Виктор Панов: «Невозможного нет!»

Виктор ПановМногие считают его жестким, скандальным, одиозным, талантливым, сильным руководителем… Все это — правда. Правда и то, что он создал свой театр — а это удается не каждому режиссеру. Он — Виктор Панов. В мае Виктору Петровичу исполнится 70 лет. Если честно, мы были рады, когда он смог найти в своем графике немного времени для общения с нами. Итак, Виктор Панов — о себе, театре, культуре, политике и многом другом…

— Если оглянуться назад то, что в своей жизни вы считаете главным из сделанного, и что вы еще не сделали?

— Если говорить что я сделал в этой жизни, если ответить коротко, то я сделал и сделаю то, что я хотел и хочу. Такая «мулька» ходит среди хороших людей, извините за нескромность, что: для меня невозможного нет. Единственное, часто сталкивался с подтверждением французской поговорки — «справедливость не отменяется, справедливость откладывается». Действительно многие вещи, которые я хотел бы сделать — могли бы быть сделаны раньше, но, в связи с тем, что были очень большие сопротивления — приходилось откладывать.
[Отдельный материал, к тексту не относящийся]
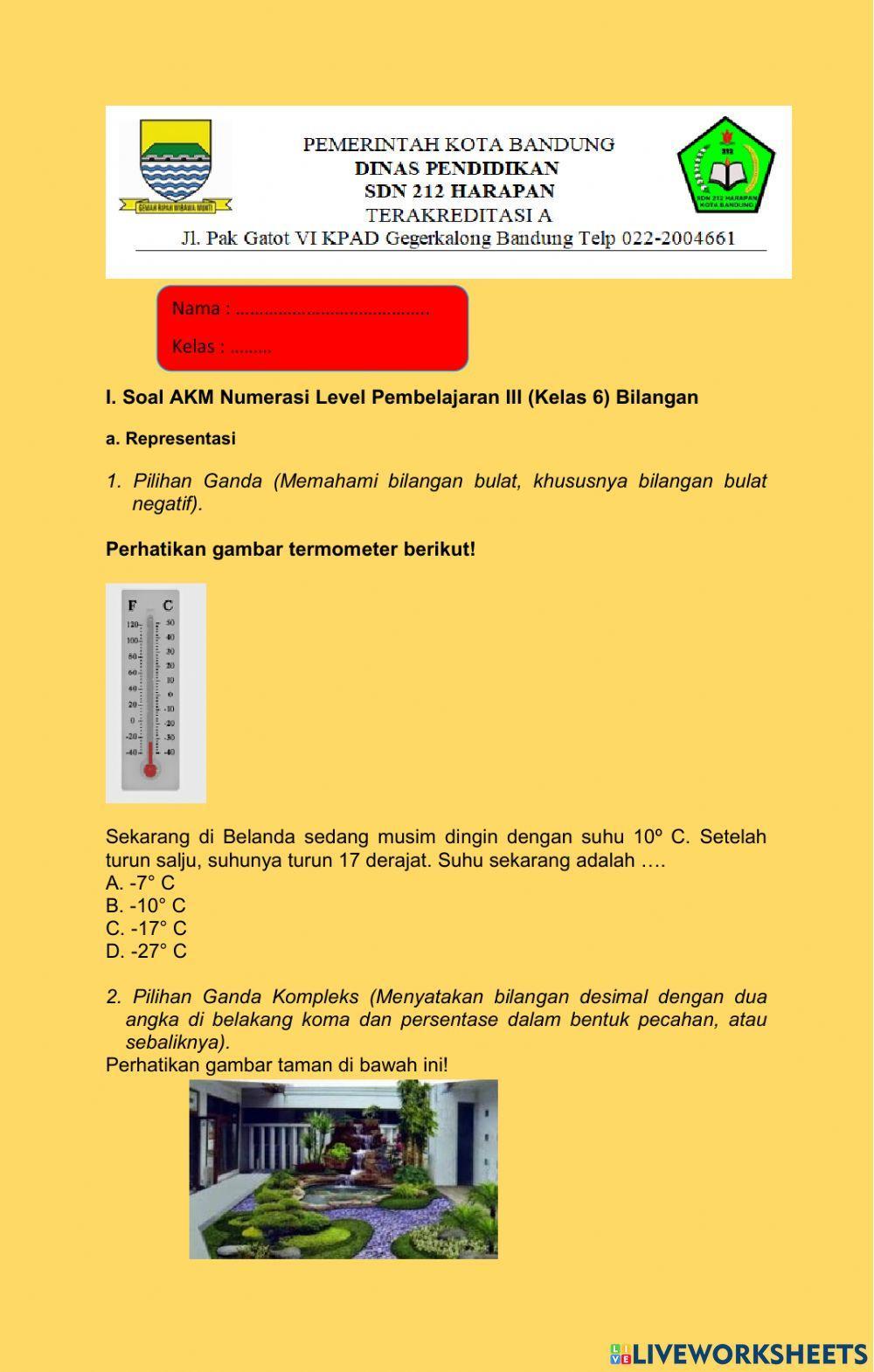 Soal akm numerasi level 3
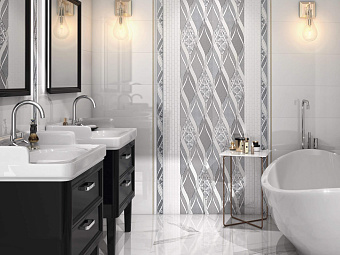 Настенная плитка KERAMA MARAZZI 13000R белый блестящий обрезной 89,5х30см 1,34кв.м. глянцевая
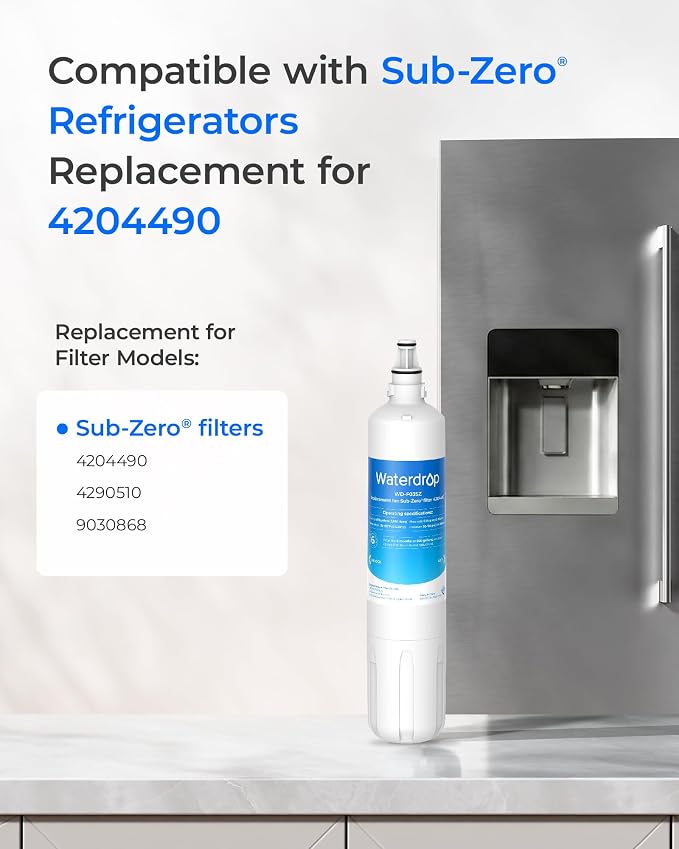 Waterdrop 4204490 Water Filter Replacement for Sub-Zero® 4204490, 4290510, 9030868, 7007067 Refrigerator Water Filter, Pack of 2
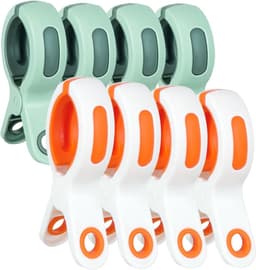 WNHB® Handdoekklemmen strandstoel 8 stuks - grote winddichte clips - stevige wasknijpers voor handdoek ligbed zwembad en kleding — thumbnail 1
Но, если говорить конкретно, сделал я пятерых детей. Дети мои нарожали мне внуков. Внуки нарожали мне правнуков. Поэтому я богатый человек в этом отношении. Я создал театр в самые трудные времена — коммунистические, когда я был вообще запрещенным человеком. Достаточно сказать, что лет 12—15 я был невыездным, ни за границу, никуда. Поэтому, когда мы закончим реконструкцию в театре, где-то у меня будет висеть портрет Михаила Сергеевича Горбачева — потому что когда он пришел, мы стали много ездить по миру. Правда, тоже были проблемы. Как будто ждали они этого дела, приглашений было очень много, но как всегда конверт приходил распечатанный и в день начала фестиваля и т. д. Я хотел и сделал один из ведущих хотя бы в Европе фестиваль уличных театров. Поразительное дело — у нас этого не понимают. Никто не понимает. Только жители ходят, ждут, звонят... Зато когда выезжаешь за границу — там принимают как действительно сильную творческую личность. Я сделал второй фестиваль — фестиваль «Европейская весна». В этом году он пройдет с 1 по 6 мая. Я закончил театральное училище имени Щукина — одно из лучших в мире театральных учебных заведений. Всего не перечислишь…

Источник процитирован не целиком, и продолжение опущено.